Argyres ve Mayer (2007) sözleşmelerin tasarım yeteneklerinin gelişimini araştıran araştırmacıların sözleşmede yer alan şartların sayısı ve ayrıntısını incelemeye yöneleceklerini ileri sürmektedirler. Bu bakış açısında ilgilerinin odağını sözleşme şartlarıyla işlemin özelliklerinin uyumlaştırılması sorunsalı oluşturmaktadır. Analizlerinde varlık özgül yatırımların yol açtığı karşılıklı bağımlılık, sahiplenme (kendine mal etme, sahibinin izni olmadan el koyma) ve belirsizlik işlem maliyeti teorisi ile ilişkili üç işlem özelliği olarak ele alınmıştır.

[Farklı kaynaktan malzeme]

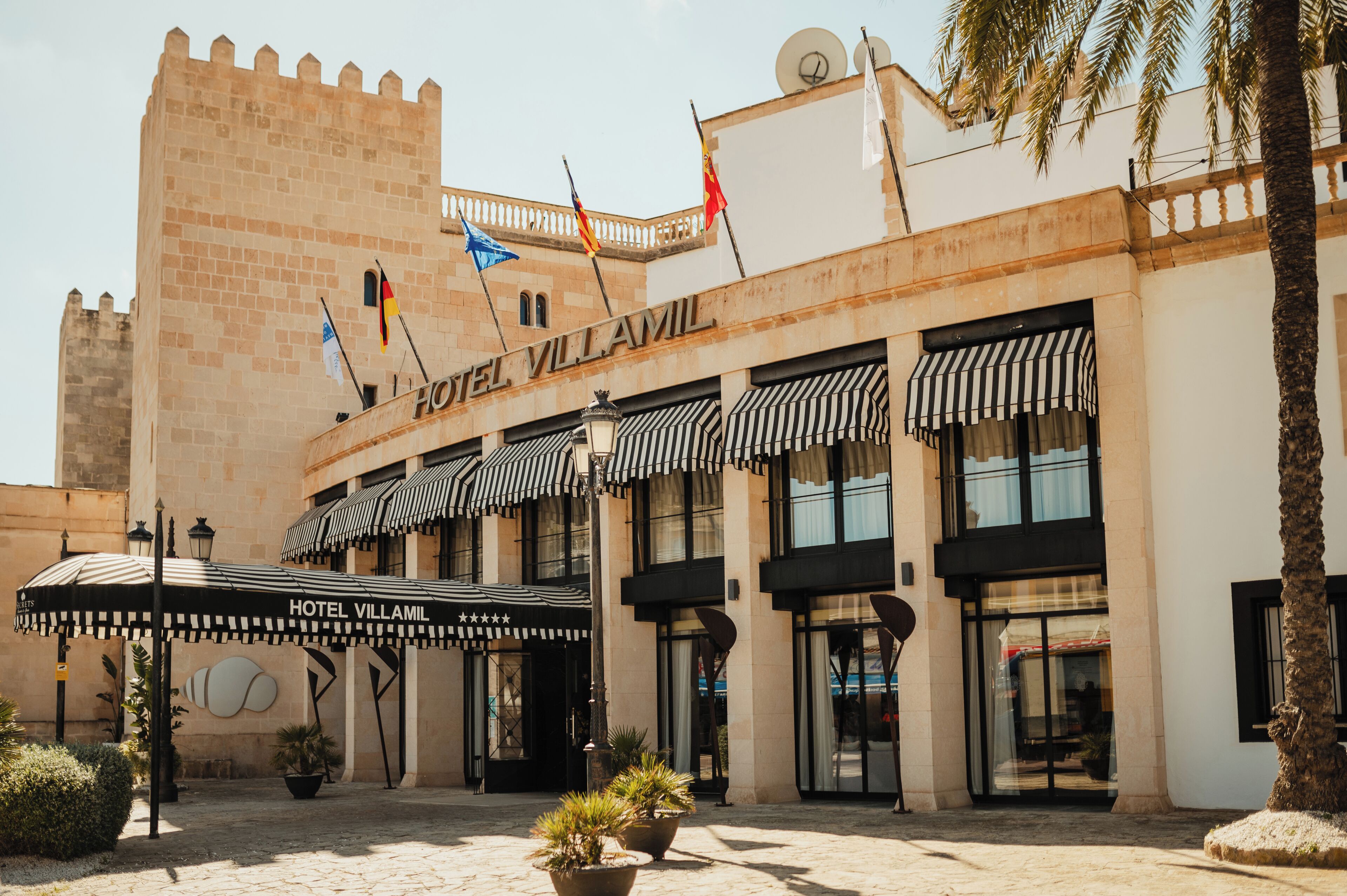 Secrets Mallorca Villamil (Adults Only) Secrets Mallorca Villamil (Adults Only)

Furlotti (2007) ideal bir eksiksiz sözleşmenin sınırlı rasyonel aktörlerin rekabetçi özelliklerini etkileyen fonksiyonları temsil ettiğini belirtir. Gerçek dünyada bu fonksiyonların sözleşme üzerindeki etkisinin tek boyutlu bir yapıyla ele geçirilmesi mümkün olmayan çoklu mekanizmalara hizmet etme gereksiniminde olduğu düşünülmektedir. Bu nedenle Furlotti (2007) sözleşmenin eksiksizliğini, yazında farklı araştırmacılar tarafından dikkate alınan kavramsal yapıları (sözleşmenin süresi, sözleşmenin karmaşıklığı, koşula bağlı planlama, şartların özgüllüğü) içerecek şekilde çok boyutlu bir bağlam olarak ele almayı önermektedir. Sonuç olarak, ilgili literatürde sözleşmenin eksiksizliğini araştıran yazarların eksik sözleşme tasarımına yol açan faktörler üzerinde fikir birliği oluşturamadıkları tespit edilmiştir. Bağlantılı olarak sözleşmenin eksiksizliğinin heterojen bir kavram olduğu gözlemlenmiştir.

3. Sonuç

Günümüzde yönetişim, piyasa ilişkilerinden mübadele tarafları arasında tesis edilen daha yakın ilişkilere doğru bir yönelimle şekil değiştirmiştir. Geleneksel mesafeli ilişkilerde ürün tasarımı taraflardan sadece birinin sorumluluğundayken ve tarafların ilişkideki rolleri mülkiyet haklarının transferi ile sınırlıyken, ilişkilerin yakınlaşması temel faaliyetlerin işbirlikçi ve eşgüdümlü bir şekilde yerine getirilmesini gerekli kılmıştır (Heide, 1994, 2003; Heide ve John, 1990; Rindfleisch ve Heide, 1997). Eylemlerin bütünleşmesi ve örgütsel sınırlar arası artan yayılım, melez yönetişimin ilişkinin yapısı ve sürecine birlikte odaklanan örgütler arası bir strateji olarak kullanımıyla sonuçlanmıştır. Araştırmacıların işlem maliyeti teorisinin varsayımlarıyla stratejik yönetim veya kaynak temelli bakış açısı gibi diğer teorik bakış açılarının varsayımlarını birleştirme eğilimleri işlem maliyetleri üzerine çalışmaların gittikçe disiplinler arası bir diyaloğa dönüşmesine neden olmuştur.

(16)

İşlem maliyeti teorisyenleri firmayı ekonomik faaliyeti örgütleyen bir kurum olarak açıklamada verimli yönetişimin rolüne odaklanırken, kaynak temelli bakış açısının öncüleri rekabet üstünlüğünün rolünü vurgulama eğilimindedirler. Bu durumda işlem maliyeti teorisi firmaların niçin varolduğunu açıklamaya çalışırken, kaynak temelli bakış açısı firmaların niçin farklılaştığını açıklamaya ilgi duymaktadır (Madhok, 2002). Bir firma hem işlemler topluluğu hem de kaynaklar paketiyken bu iki yaklaşım birbiriyle ilişkilendirilmektedir. Ayrıca hem firma içindeki hem de firma dışındaki yönetişim yetenekleri performans farklarıyla ve rekabet üstünlüğüyle sonuçlanabilmektedir.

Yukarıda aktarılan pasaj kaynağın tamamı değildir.